Recorded data:
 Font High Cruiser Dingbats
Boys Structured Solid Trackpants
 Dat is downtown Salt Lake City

--

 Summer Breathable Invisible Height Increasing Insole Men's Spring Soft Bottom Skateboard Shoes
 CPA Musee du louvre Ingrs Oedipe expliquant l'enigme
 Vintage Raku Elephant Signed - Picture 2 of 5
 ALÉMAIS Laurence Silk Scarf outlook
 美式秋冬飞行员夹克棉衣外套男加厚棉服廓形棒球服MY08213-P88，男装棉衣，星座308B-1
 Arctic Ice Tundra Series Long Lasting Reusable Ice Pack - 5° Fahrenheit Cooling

---

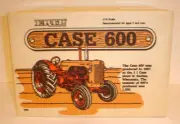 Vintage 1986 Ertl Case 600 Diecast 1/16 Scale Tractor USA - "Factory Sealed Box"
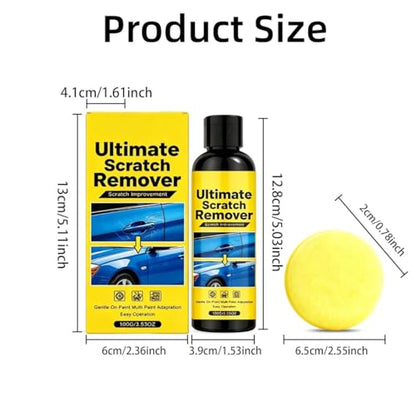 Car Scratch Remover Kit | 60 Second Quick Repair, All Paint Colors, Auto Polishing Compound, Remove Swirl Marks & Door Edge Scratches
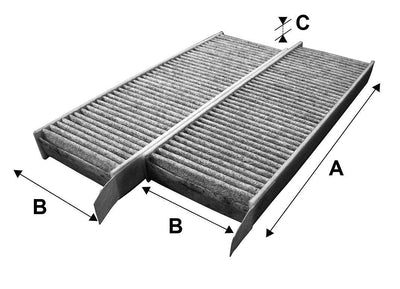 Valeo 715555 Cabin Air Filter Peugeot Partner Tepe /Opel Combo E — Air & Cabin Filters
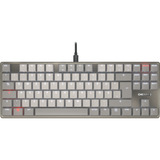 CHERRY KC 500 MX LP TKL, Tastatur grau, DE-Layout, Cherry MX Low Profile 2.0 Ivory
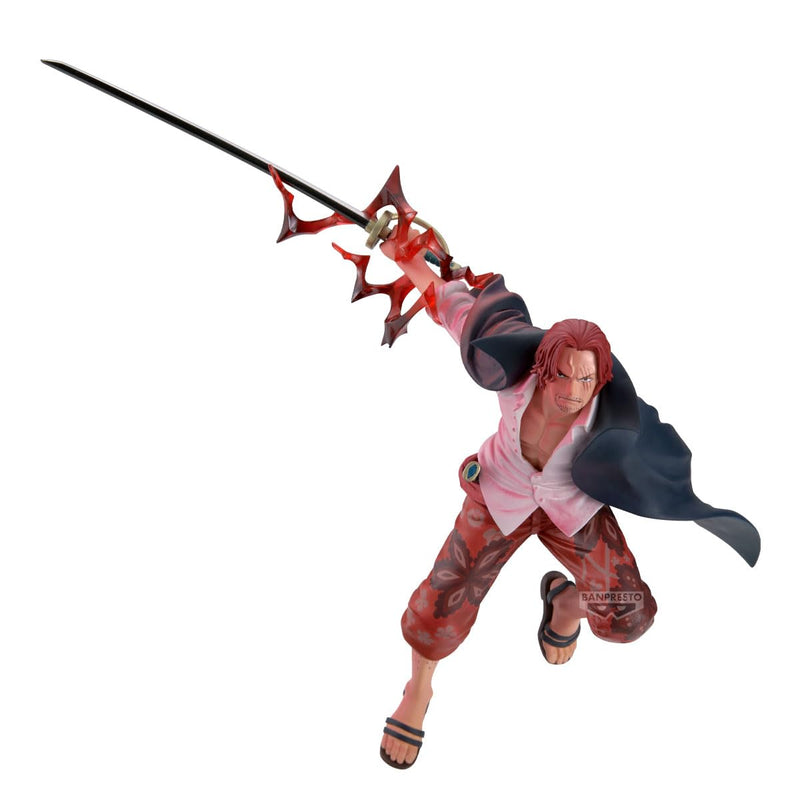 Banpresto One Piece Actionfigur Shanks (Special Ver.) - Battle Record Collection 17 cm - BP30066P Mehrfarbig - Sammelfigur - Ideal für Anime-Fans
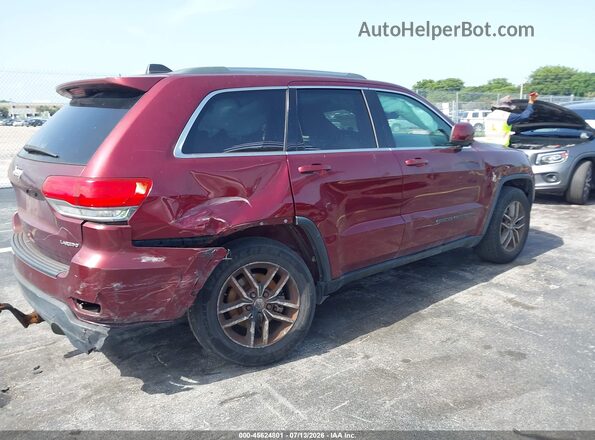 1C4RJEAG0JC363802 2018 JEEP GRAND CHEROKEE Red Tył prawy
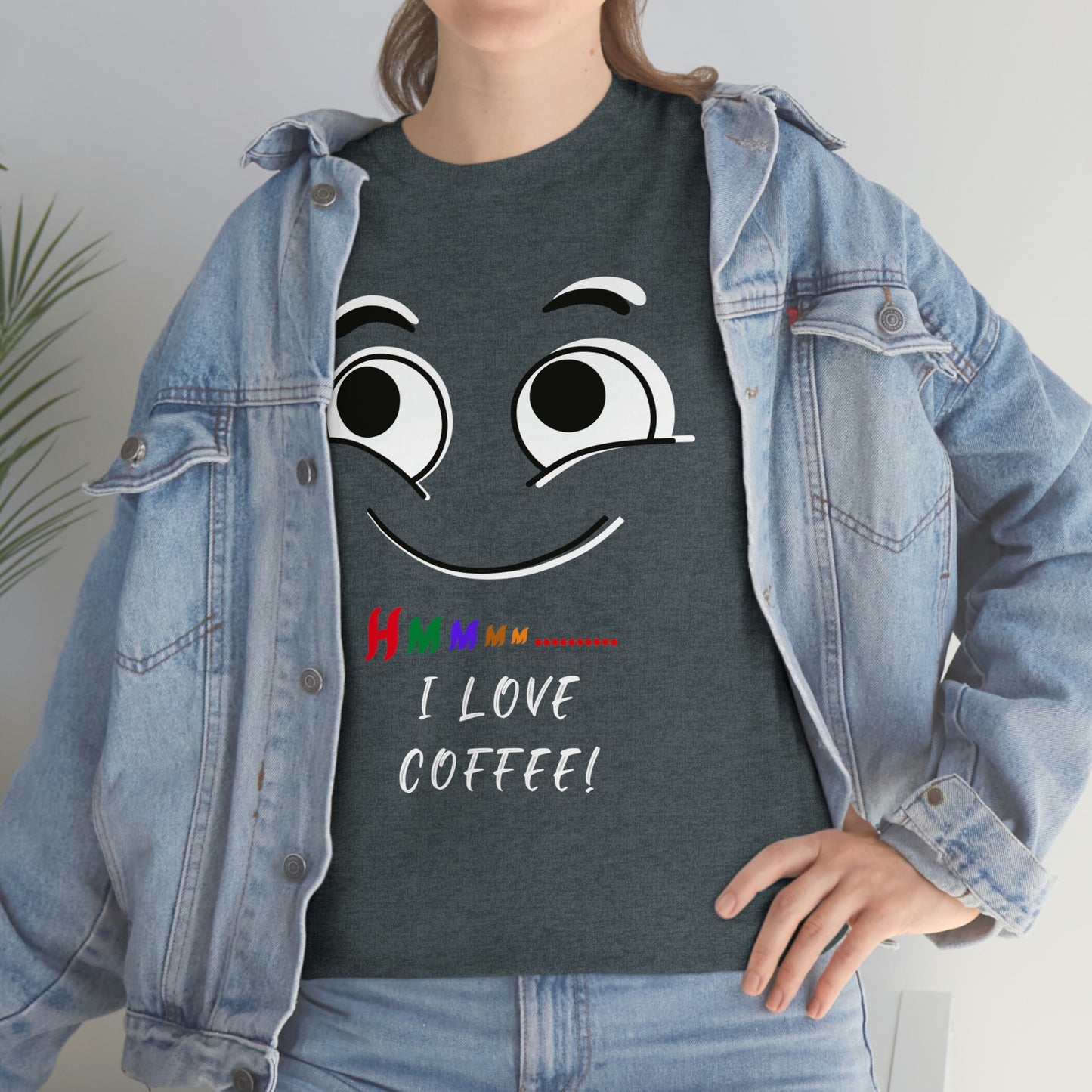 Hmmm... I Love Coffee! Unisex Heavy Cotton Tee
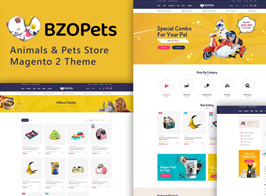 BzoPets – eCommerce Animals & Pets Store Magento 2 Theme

Exercise instructions:
Above are records; repeat only the lines from the line with "CHERRY KC 500" through the line with "BzoPets – eCommerce", and leave pictures out.

Response for this exercise:
 CHERRY KC 500 MX LP TKL, Tastatur grau, DE-Layout, Cherry MX Low Profile 2.0 Ivory
 Banpresto One Piece Actionfigur Shanks (Special Ver.) - Battle Record Collection 17 cm - BP30066P Mehrfarbig - Sammelfigur - Ideal für Anime-Fans
 1C4RJEAG0JC363802 2018 JEEP GRAND CHEROKEE Red Tył prawy
 Hmmm... I Love Coffee! Unisex Heavy Cotton Tee
 BzoPets – eCommerce Animals & Pets Store Magento 2 Theme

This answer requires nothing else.